I have discovered that these files are Emails (.msg) with zip files containing unsupported documents (im assuming). Is there a way to have solr ignore the zip file rather than ignoring the entire file itself?
This question has a "nifi-processor" tag, which NiFi processor are you using? Also which processor(s) are you using to get the email messages? I suspect you should be able to use RouteOnAttribute or RouteOnContent to send emails with ZIP attachments to some other relationship, and those without attachments can go directly to PutSolrContentStream (or whatever you're using to push data to Solr). Perhaps the branch with ZIP attachments can use processor(s) to remove the ZIP part of the attachment, retain the email message, and route back to the "main" branch to retry the "put".
I'm using the PutSolrContentStream Processor. Solr is only failes on certain extension type (mdb for example). When an email or a zip file contains an mdb file, the entire document fails to get pushed to solr.

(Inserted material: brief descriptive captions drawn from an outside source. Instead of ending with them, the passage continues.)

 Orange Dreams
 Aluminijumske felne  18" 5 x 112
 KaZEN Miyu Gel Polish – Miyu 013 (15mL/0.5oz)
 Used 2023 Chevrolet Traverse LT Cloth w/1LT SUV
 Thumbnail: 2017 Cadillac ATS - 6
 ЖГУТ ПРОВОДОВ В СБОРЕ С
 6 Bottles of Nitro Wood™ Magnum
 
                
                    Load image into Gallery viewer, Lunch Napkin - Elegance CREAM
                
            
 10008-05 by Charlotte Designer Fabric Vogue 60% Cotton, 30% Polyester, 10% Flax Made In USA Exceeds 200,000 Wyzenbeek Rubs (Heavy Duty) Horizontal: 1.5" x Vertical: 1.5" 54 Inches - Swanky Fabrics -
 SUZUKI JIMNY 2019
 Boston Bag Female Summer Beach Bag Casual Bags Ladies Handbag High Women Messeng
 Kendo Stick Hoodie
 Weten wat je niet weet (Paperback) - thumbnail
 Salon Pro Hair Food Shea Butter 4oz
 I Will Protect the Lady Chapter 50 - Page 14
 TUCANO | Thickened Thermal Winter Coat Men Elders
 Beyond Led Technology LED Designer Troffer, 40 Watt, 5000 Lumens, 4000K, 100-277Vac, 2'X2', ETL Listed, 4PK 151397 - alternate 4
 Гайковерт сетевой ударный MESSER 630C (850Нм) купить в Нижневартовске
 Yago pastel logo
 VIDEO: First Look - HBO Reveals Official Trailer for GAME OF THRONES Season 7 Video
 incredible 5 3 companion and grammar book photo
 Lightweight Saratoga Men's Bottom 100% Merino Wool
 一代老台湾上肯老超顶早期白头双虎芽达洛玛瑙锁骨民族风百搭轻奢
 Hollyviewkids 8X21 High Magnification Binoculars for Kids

Is there a way to have solr index the email or zip file and ignore only the unsupported extensions rather than ignoring the entire document?
I believe this is a known issue with .zip archives and the Solr ExtractingRequestHandler (aka Solr Cell): https://issues.apache.org/jira/browse/SOLR-2416. The short version of the story is that Tika in this case is not configured to parse the .zip recursively.
One of the other suggestions for NiFi processing may be worth exploring in this case.
i have tried sending documents using Solr's rest api and i got the exact same error. The problem isn't with zip files. If a zip file contains pdf or word documents for example the zip is indexed well. However if the zip file contains an mdb file solr fails to index it. Is it possible to have solr ignore only the unsupported extensions rather than ignoring the entire document or file?